• **TASK DIRECTIONS**: Every line between the top of the data below and the line with "Riverside Hotel Sapporo", both ends included, must be retyped exactly.

• **DATA**:
++++++++++++++++++++

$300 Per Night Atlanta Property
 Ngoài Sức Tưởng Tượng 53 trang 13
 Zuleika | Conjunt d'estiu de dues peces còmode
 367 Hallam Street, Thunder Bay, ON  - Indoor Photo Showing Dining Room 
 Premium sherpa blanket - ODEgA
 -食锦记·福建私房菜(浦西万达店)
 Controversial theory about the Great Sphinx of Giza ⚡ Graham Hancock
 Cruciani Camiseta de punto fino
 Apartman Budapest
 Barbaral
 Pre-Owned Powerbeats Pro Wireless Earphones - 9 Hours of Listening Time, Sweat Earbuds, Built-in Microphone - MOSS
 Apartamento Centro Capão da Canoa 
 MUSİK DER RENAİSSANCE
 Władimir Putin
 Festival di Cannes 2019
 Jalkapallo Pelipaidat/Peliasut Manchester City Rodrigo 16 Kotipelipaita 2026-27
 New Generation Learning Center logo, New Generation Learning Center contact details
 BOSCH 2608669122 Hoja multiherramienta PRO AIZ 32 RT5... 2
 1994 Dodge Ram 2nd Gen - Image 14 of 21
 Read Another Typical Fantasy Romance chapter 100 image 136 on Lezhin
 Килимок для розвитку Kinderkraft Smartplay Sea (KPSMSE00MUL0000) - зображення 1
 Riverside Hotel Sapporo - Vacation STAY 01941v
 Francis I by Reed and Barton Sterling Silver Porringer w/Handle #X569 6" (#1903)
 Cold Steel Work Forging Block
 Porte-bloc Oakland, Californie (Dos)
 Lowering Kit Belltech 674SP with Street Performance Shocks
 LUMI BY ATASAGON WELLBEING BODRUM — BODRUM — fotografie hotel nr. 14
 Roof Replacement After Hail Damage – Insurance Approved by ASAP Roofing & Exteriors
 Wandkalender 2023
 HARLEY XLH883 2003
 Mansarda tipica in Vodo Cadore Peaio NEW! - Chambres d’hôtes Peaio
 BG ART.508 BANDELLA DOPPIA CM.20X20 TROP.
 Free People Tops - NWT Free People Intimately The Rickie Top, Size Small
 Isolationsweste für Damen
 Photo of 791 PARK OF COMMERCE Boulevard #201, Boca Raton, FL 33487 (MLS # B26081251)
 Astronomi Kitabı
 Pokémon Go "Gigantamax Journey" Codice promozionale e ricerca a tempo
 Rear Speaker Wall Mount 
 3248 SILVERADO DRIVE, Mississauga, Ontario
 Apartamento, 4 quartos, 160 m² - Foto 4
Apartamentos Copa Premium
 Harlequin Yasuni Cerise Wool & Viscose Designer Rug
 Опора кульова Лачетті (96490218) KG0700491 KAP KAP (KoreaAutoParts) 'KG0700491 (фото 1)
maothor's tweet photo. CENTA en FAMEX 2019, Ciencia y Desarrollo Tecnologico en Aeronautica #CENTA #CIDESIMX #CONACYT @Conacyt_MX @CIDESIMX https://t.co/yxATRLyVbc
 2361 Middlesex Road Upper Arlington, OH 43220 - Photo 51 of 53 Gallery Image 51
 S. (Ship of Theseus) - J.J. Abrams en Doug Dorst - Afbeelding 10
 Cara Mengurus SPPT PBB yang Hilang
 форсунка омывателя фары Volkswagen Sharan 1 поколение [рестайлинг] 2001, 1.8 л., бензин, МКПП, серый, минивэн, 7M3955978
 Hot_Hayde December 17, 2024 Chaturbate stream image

++++++++++++++++++++

• **SOLUTION**:
$300 Per Night Atlanta Property
 Ngoài Sức Tưởng Tượng 53 trang 13
 Zuleika | Conjunt d'estiu de dues peces còmode
 367 Hallam Street, Thunder Bay, ON  - Indoor Photo Showing Dining Room 
 Premium sherpa blanket - ODEgA
 -食锦记·福建私房菜(浦西万达店)
 Controversial theory about the Great Sphinx of Giza ⚡ Graham Hancock
 Cruciani Camiseta de punto fino
 Apartman Budapest
 Barbaral
 Pre-Owned Powerbeats Pro Wireless Earphones - 9 Hours of Listening Time, Sweat Earbuds, Built-in Microphone - MOSS
 Apartamento Centro Capão da Canoa 
 MUSİK DER RENAİSSANCE
 Władimir Putin
 Festival di Cannes 2019
 Jalkapallo Pelipaidat/Peliasut Manchester City Rodrigo 16 Kotipelipaita 2026-27
 New Generation Learning Center logo, New Generation Learning Center contact details
 BOSCH 2608669122 Hoja multiherramienta PRO AIZ 32 RT5... 2
 1994 Dodge Ram 2nd Gen - Image 14 of 21
 Read Another Typical Fantasy Romance chapter 100 image 136 on Lezhin
 Килимок для розвитку Kinderkraft Smartplay Sea (KPSMSE00MUL0000) - зображення 1
 Riverside Hotel Sapporo - Vacation STAY 01941v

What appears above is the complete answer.